Plastic bag bans hold hidden costs

Source: Plastics News.com

The new report on plastic film and bag recycling is encouraging, but it’s not going to end the debate on grocery bag taxes and bans.

Plastics News‘ Mike Verespej reported today that film and bag recycling in the United States jumped 14 percent in 2010 to 971.8 million pounds — the first annual increase of more than 3 percent since 2006.

But Mark Murray, executive director of the Sacramento, Calif.-based Californians Against Waste, still feels that bag recycling has been a “failure.”

Is recycling the last word on the bag issue?
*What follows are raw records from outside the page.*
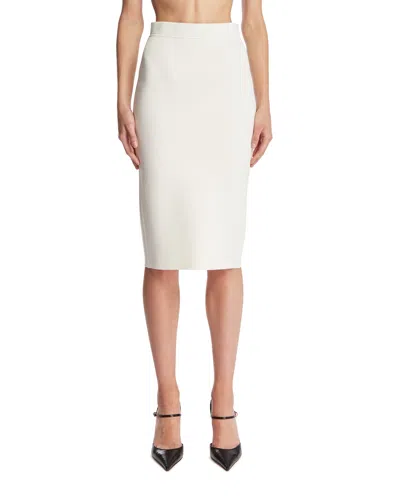 Tom Ford Elasticated Waistband Midi Skirt In White
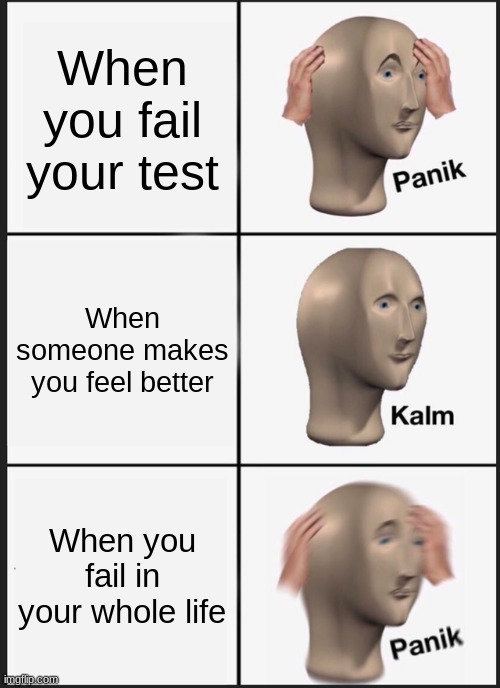 Some things never change |  When you fail your test; When someone makes you feel better; When you fail in your whole life | image tagged in memes,panik kalm panik | made w/ Imgflip meme maker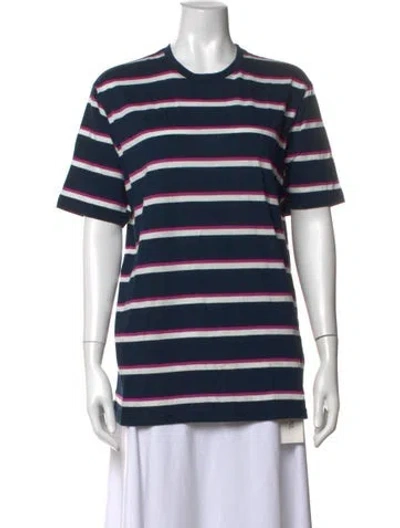 Pre-owned Saks Fifth Avenue Striped Crew Neck T-shirt W/ Tags In Blue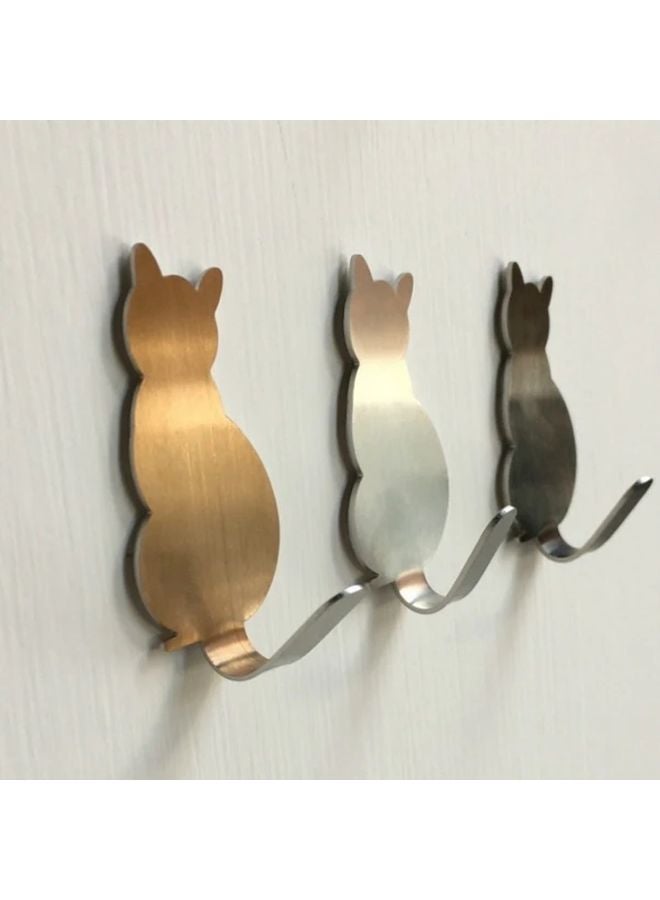 2pcs Silvery Stainless Steel Cat Wall Sticker Door Hangers Waterproof Strong Adhesive Towel Hooks - Image 2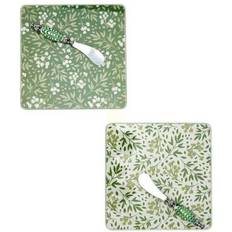 Green Knife Two's Company Countryside 2 Pc Serving Box Cheese Knife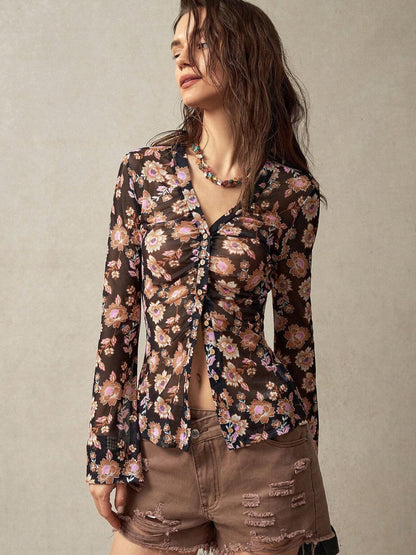 Vintage Floral Print V Neck Button Front Slim Fit Blouse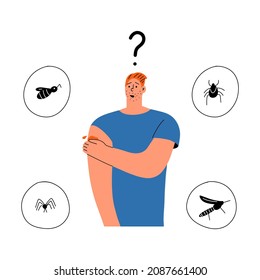 The man was bitten by an unknown insect. Vector hand drawing illustration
The National Center for Policy Analysis doesn’t think so.

Today our sister publication Waste & Recycling News posted a column by H. Sterling Burnett, a senior fellow at NCPA, arguing that plastic bag bans hold hidden costs, and result in “little or no benefit for the environment.”

“Contrary to the myth propagated by environmental lobbyists and other plastic bag opponents, plastic bags are rarely single-use items,” Burnett writes. “Rather, long after plastic bags transport the groceries, people find a variety of ways to reuse them. They are used as lunch bags, car litter bags, to line bathroom trash bins, to collect dog waste and to seal soiled diapers. Other uses include carrying donation items to goodwill, transporting laundry to the cleaners and securing items in the garage and attic. Some people carry bags on walks to pick up stray trash.

“Without them, we will likely buy more trash bags and baggies to compensate. In stores that ban plastic grocery bags, shoppers have become creative, using thin plastic bags from the fresh vegetable sections of stores to carry out groceries — double- and triple-lining them to make them work. Now that’s a waste nightmare and a sheer waste of resources.”